WHAT THE TASK REQUIRES:
Copy everything in the data below exactly except the pictures.

● ● ● ●

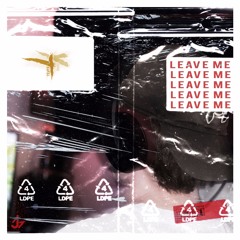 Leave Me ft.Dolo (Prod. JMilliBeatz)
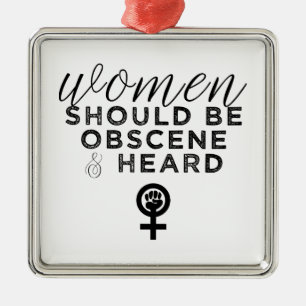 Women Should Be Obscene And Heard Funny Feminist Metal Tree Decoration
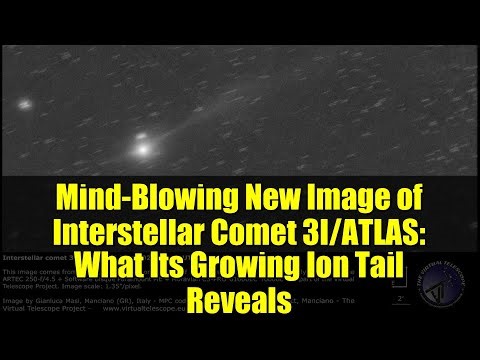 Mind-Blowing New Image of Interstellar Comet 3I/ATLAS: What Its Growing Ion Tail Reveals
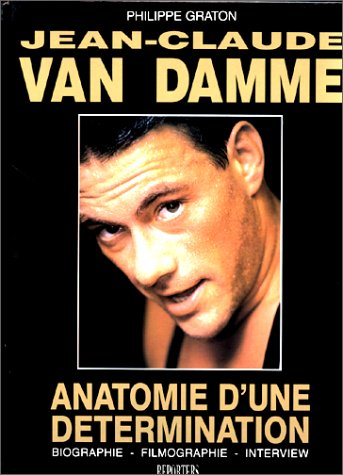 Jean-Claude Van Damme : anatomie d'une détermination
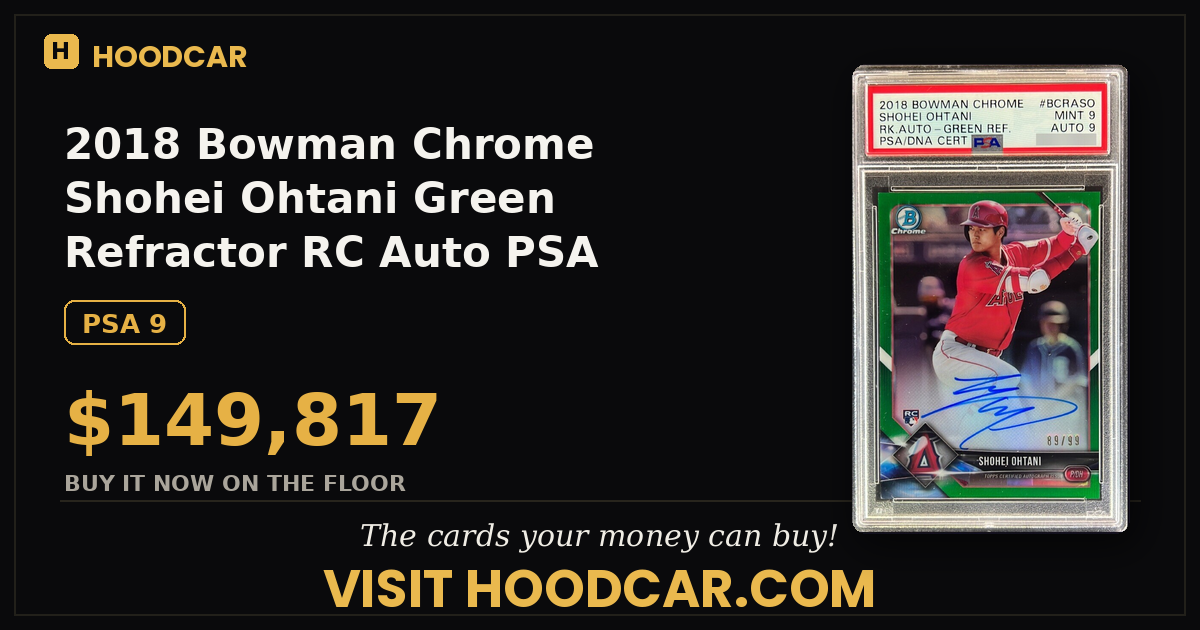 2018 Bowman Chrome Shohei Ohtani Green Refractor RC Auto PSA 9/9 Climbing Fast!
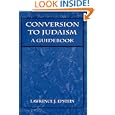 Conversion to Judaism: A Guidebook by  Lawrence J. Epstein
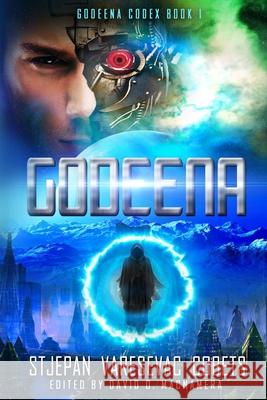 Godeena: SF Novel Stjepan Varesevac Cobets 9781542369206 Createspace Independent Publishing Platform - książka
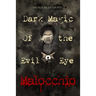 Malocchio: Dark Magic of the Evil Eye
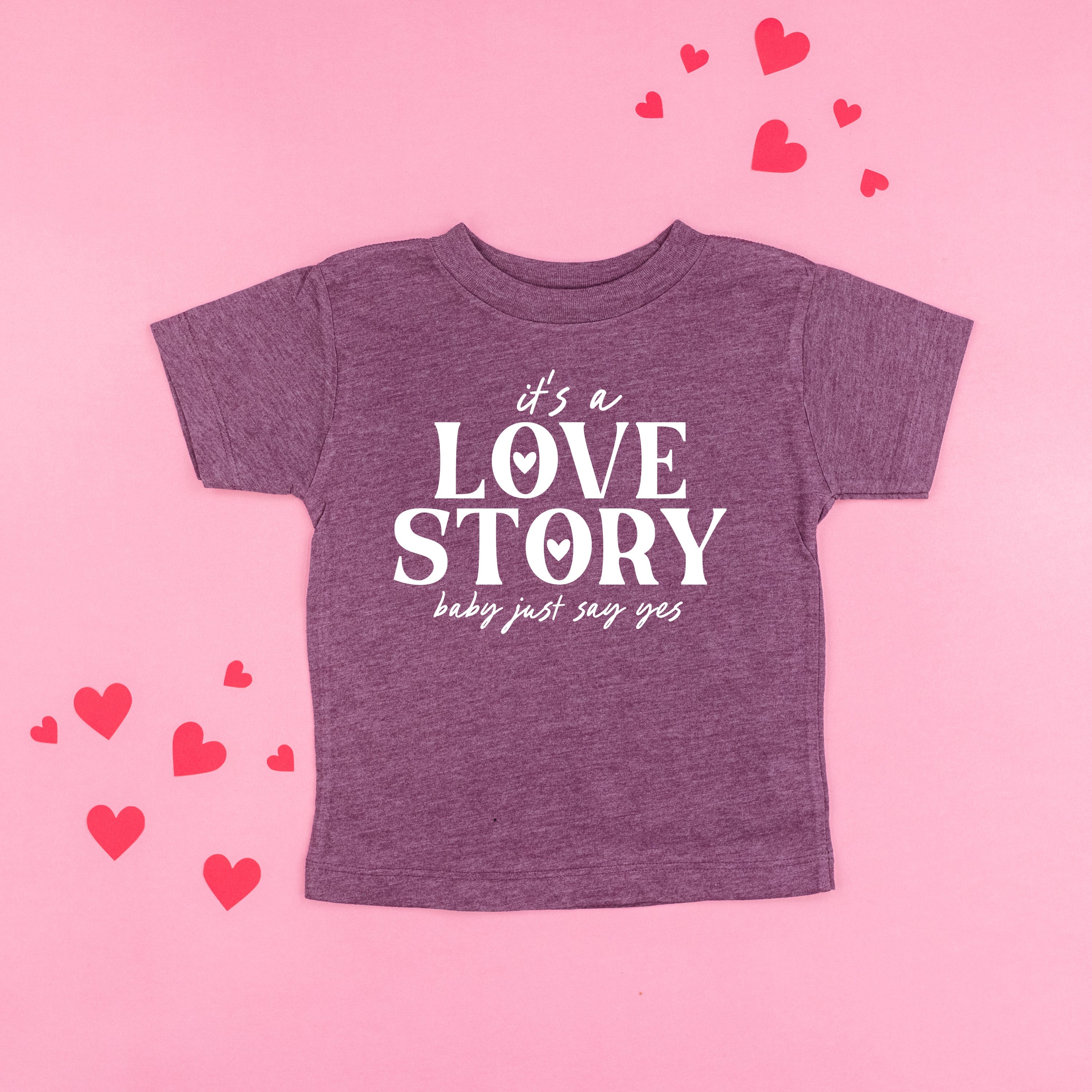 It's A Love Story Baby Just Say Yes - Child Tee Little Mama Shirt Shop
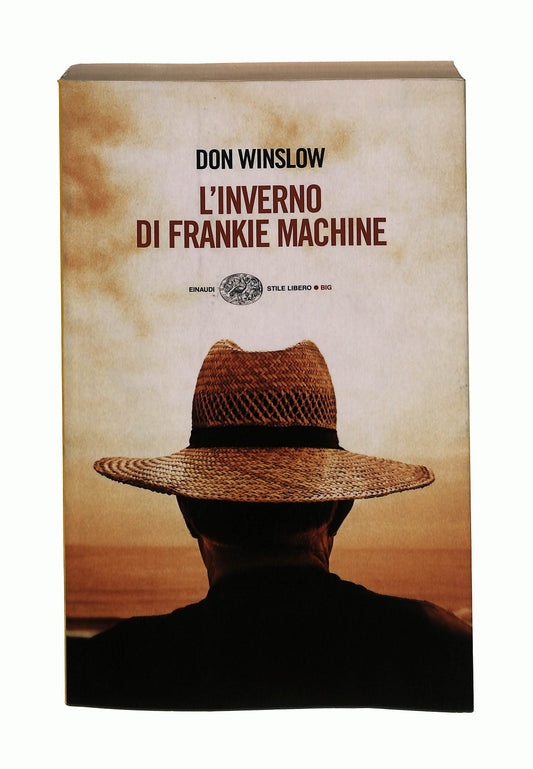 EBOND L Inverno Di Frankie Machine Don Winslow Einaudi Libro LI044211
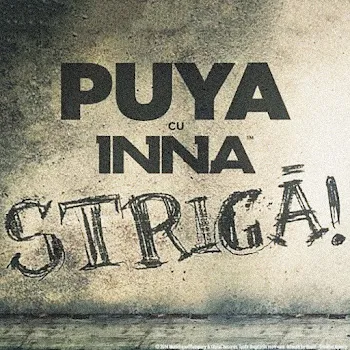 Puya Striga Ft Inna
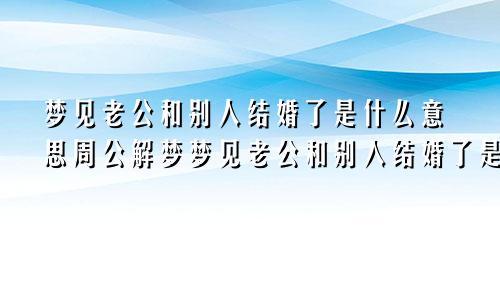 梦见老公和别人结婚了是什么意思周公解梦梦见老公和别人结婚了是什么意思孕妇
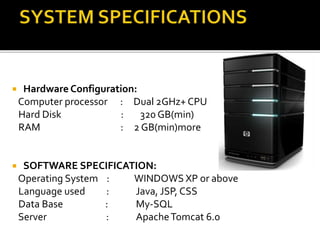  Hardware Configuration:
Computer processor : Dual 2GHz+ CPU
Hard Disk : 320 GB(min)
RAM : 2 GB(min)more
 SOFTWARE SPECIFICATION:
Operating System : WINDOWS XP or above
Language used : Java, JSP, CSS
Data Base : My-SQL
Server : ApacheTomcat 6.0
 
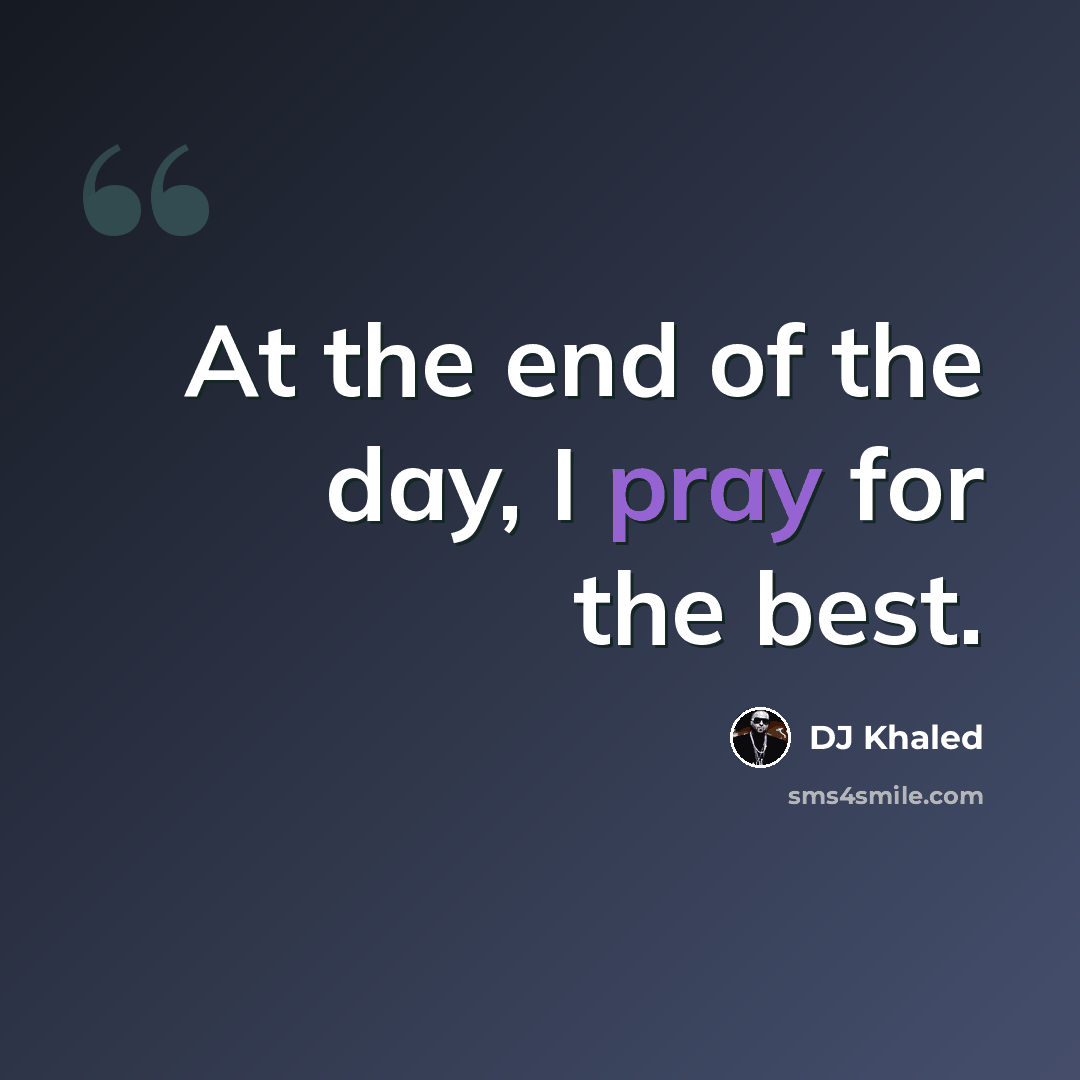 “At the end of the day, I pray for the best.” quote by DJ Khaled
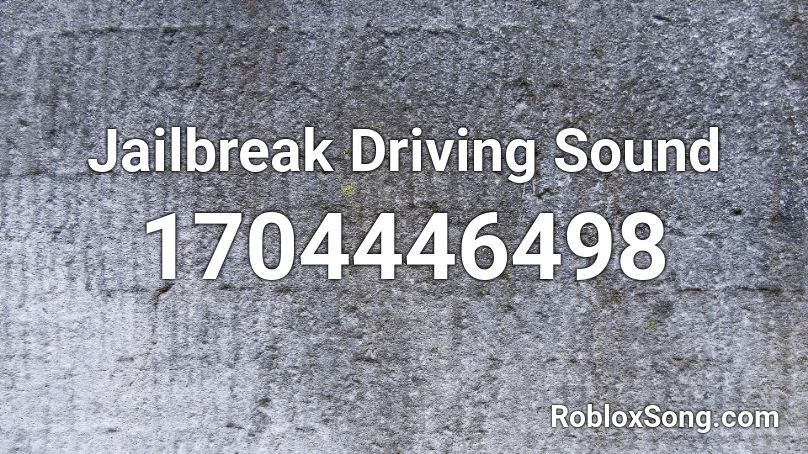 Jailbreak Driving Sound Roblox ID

● ● ● ●

OUTPUT FOR THIS EXERCISE:
 Leave Me ft.Dolo (Prod. JMilliBeatz)
 Women Should Be Obscene And Heard Funny Feminist Metal Tree Decoration
 Mind-Blowing New Image of Interstellar Comet 3I/ATLAS: What Its Growing Ion Tail Reveals
 Jean-Claude Van Damme : anatomie d'une détermination
 2018 Bowman Chrome Shohei Ohtani Green Refractor RC Auto PSA 9/9 Climbing Fast!
 Conversion to Judaism: A Guidebook by  Lawrence J. Epstein
 Godeena: SF Novel Stjepan Varesevac Cobets 9781542369206 Createspace Independent Publishing Platform - książka
 Malocchio: Dark Magic of the Evil Eye
 It's A Love Story Baby Just Say Yes - Child Tee Little Mama Shirt Shop
 EBOND L Inverno Di Frankie Machine Don Winslow Einaudi Libro LI044211
 Puya Striga Ft Inna
 梦见老公和别人结婚了是什么意思周公解梦梦见老公和别人结婚了是什么意思孕妇
  Hardware Configuration:
Computer processor : Dual 2GHz+ CPU
Hard Disk : 320 GB(min)
RAM : 2 GB(min)more
 SOFTWARE SPECIFICATION:
Operating System : WINDOWS XP or above
Language used : Java, JSP, CSS
Data Base : My-SQL
Server : ApacheTomcat 6.0
 
 “At the end of the day, I pray for the best.” quote by DJ Khaled
 Jailbreak Driving Sound Roblox ID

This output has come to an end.